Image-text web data
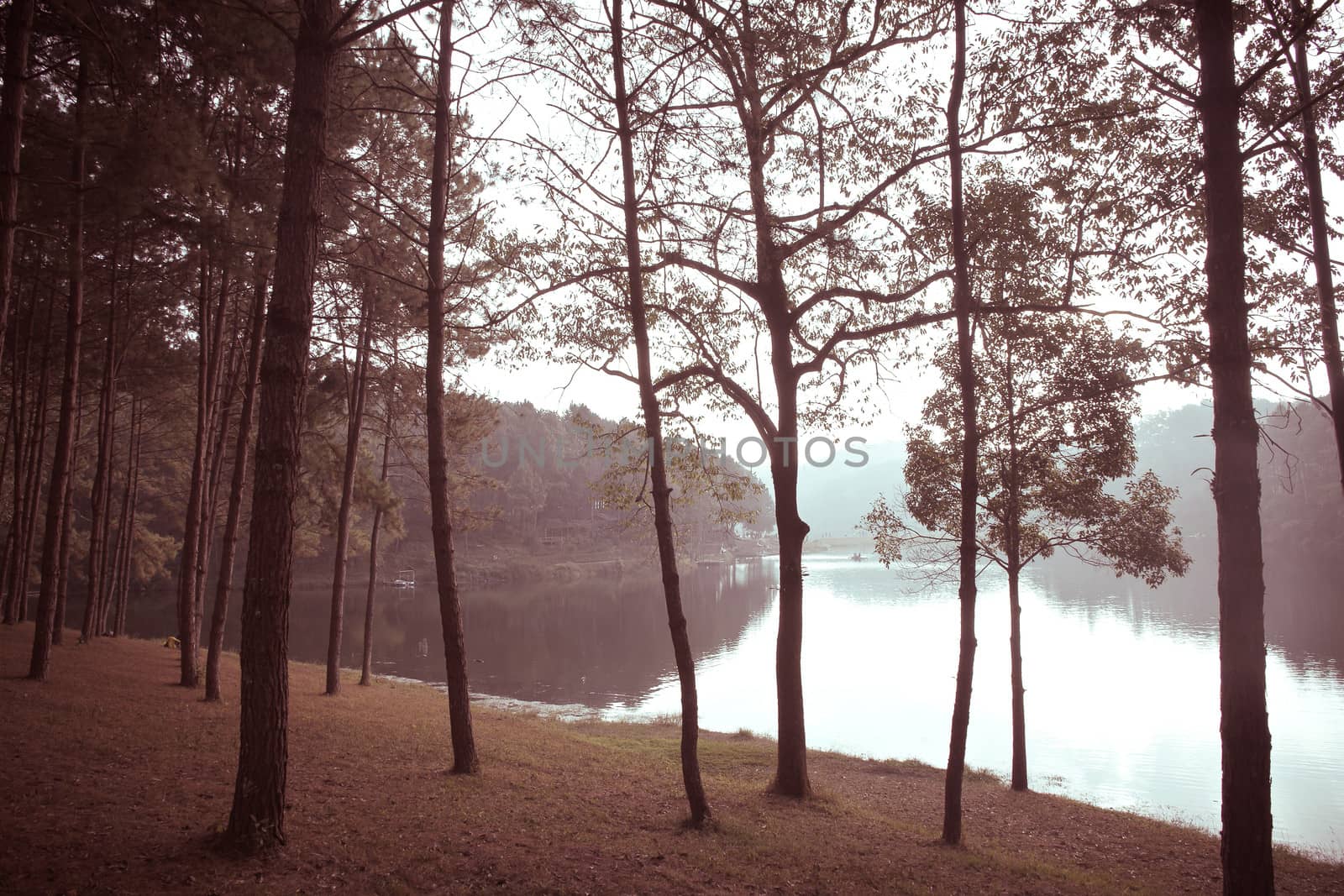 Pang-Ung Forestry Plantations, Maehongson Province,Thailand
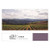 Product image for Galil Mountain Winery Upper Galilee Syrah 2023 750ml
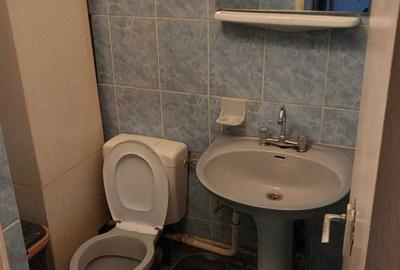 Apartament cu 3 camere decomandat în Central - 3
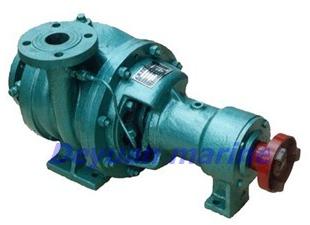 Water Sealing Pump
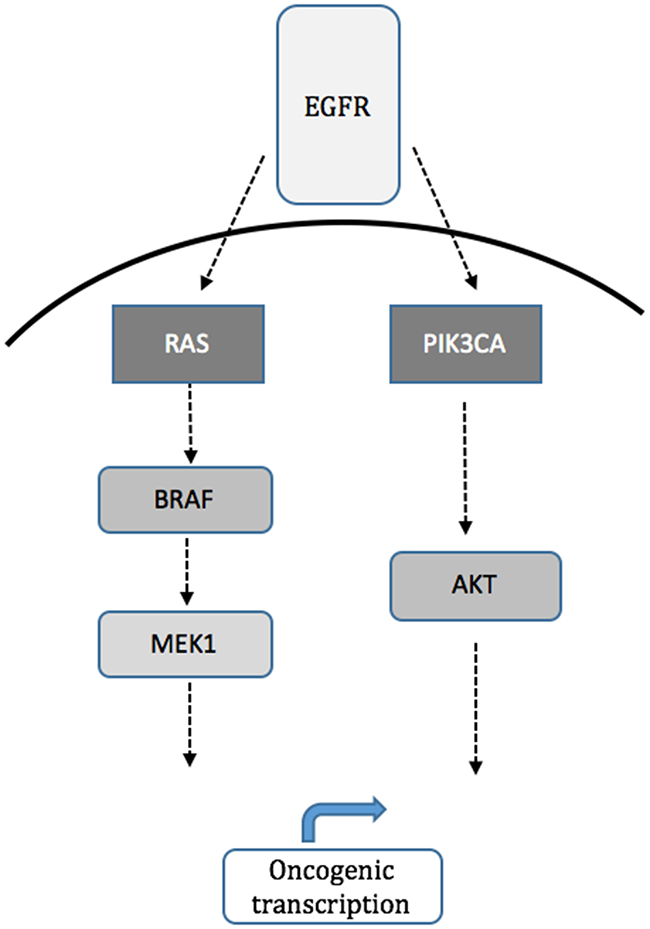 Schematic of MAPK (RAS/RAF/MEK) and PI3K (PIK3CA, AKT1) signaling pathways downstream of EGFR.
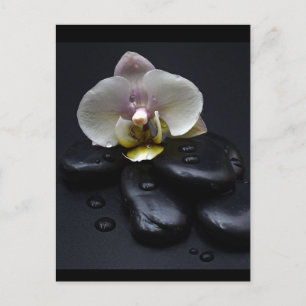 White Orchid On Black Stones Postcard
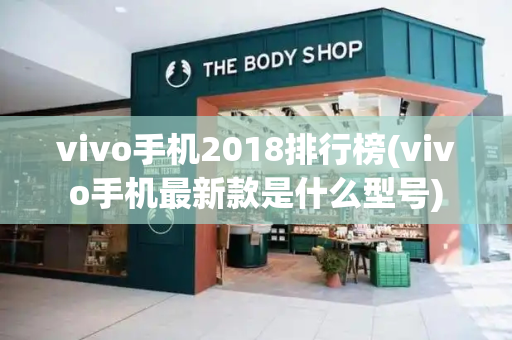 vivo手机2018排行榜(vivo手机最新款是什么型号)-第1张图片-星选测评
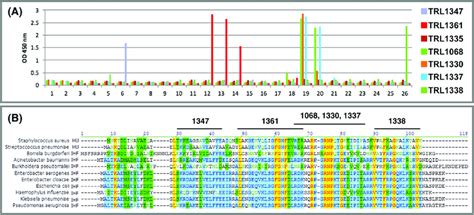 Epitope mapping. For representative mAbs, epitope mapping data are... | Download Scientific Diagram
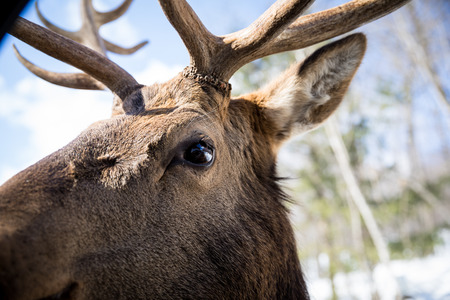Male Deer at Omega Parkの写真素材
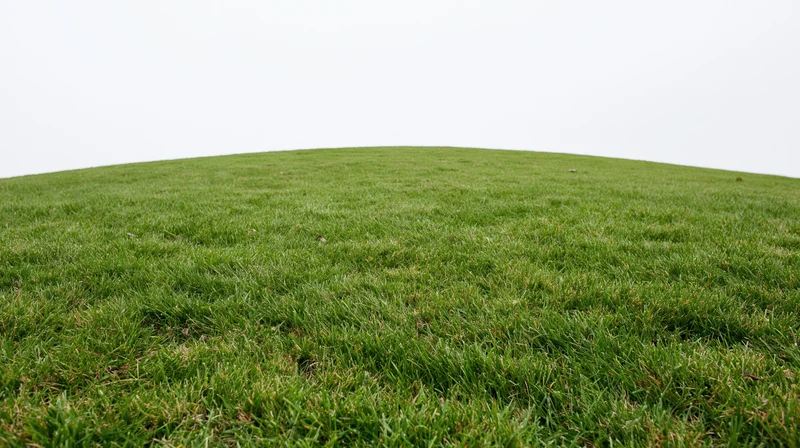 Gently rolling open lawn of short green grass under overcast sky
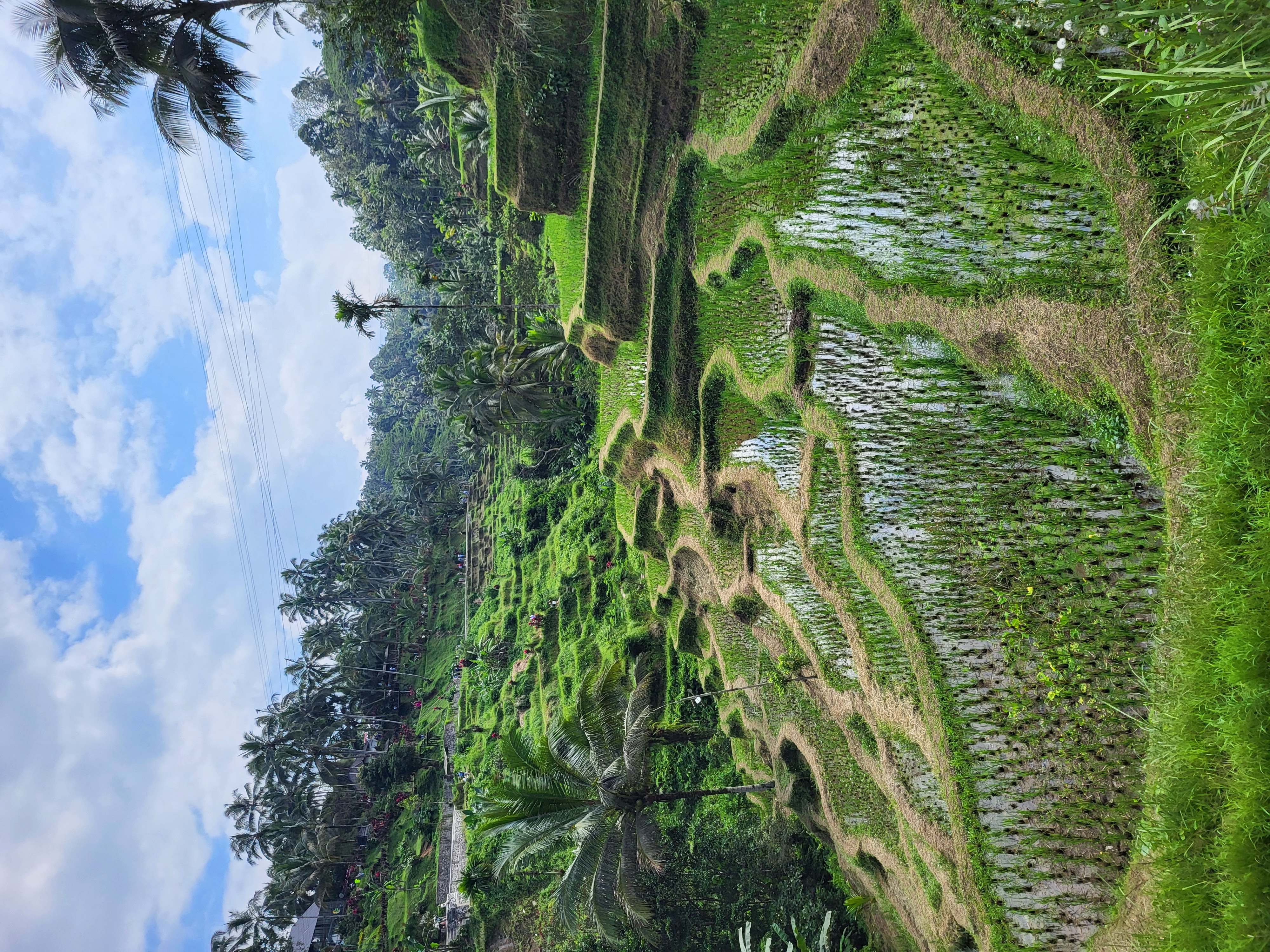 Bali Classic 12 jours - One Life Adventures customer review photo 3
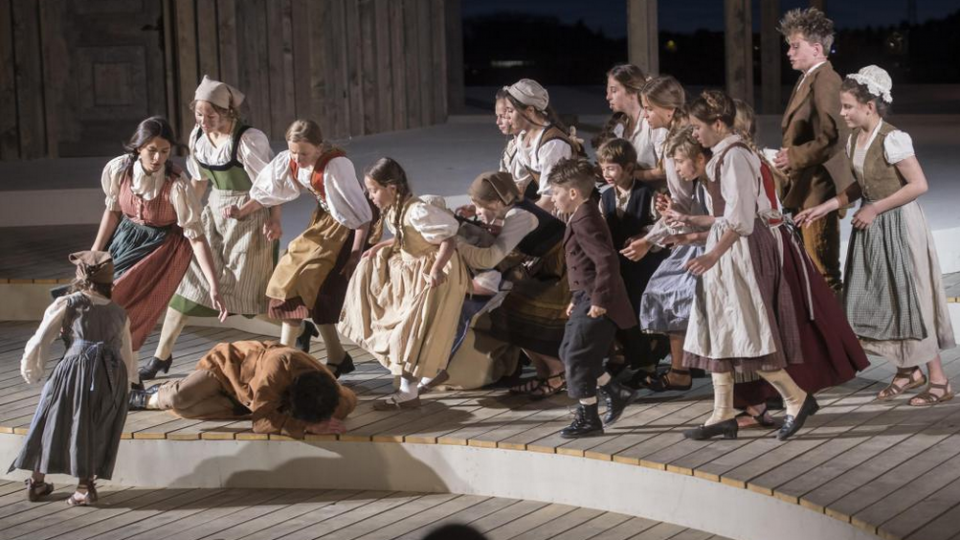 die helvetische revolution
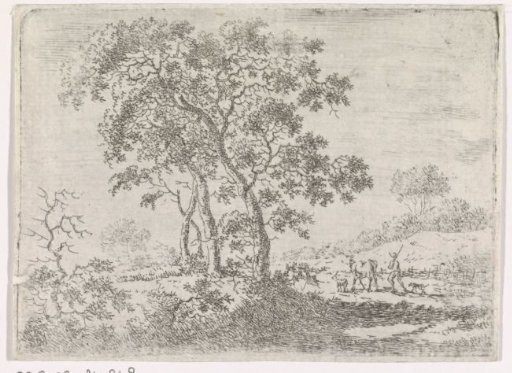Landscape with a group of trees along a road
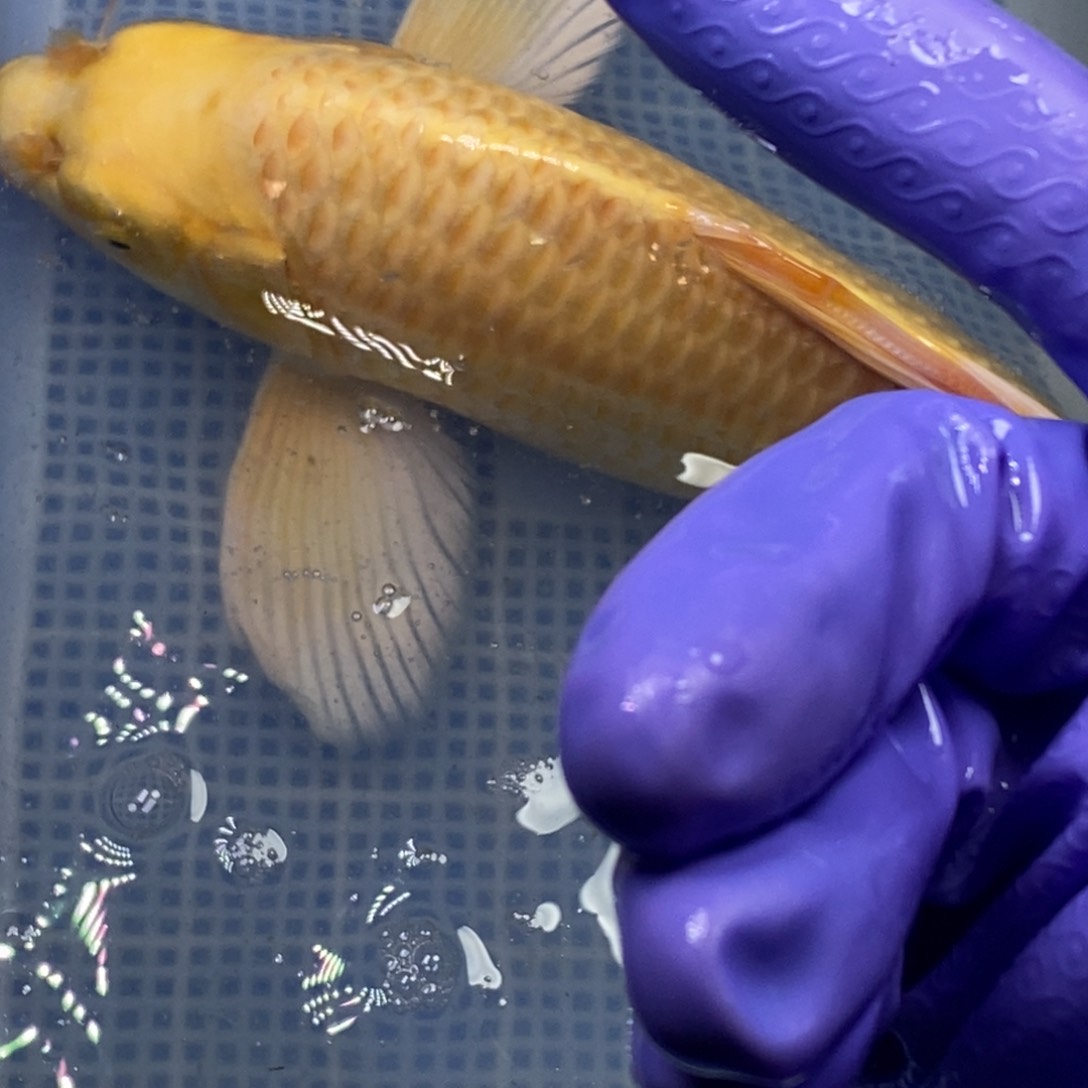 锦鲤冷水锦鲤包邮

**What the task requires:** No pictures belong in the output. Restate word for word only the lines from the one containing "Male Deer at Omega Parkの写真素材" to the end of the entries above.

**Answer for the task:**
Male Deer at Omega Parkの写真素材
 Gently rolling open lawn of short green grass under overcast sky
 Bali Classic 12 jours - One Life Adventures customer review photo 3
 die helvetische revolution
Landscape with a group of trees along a road
 锦鲤冷水锦鲤包邮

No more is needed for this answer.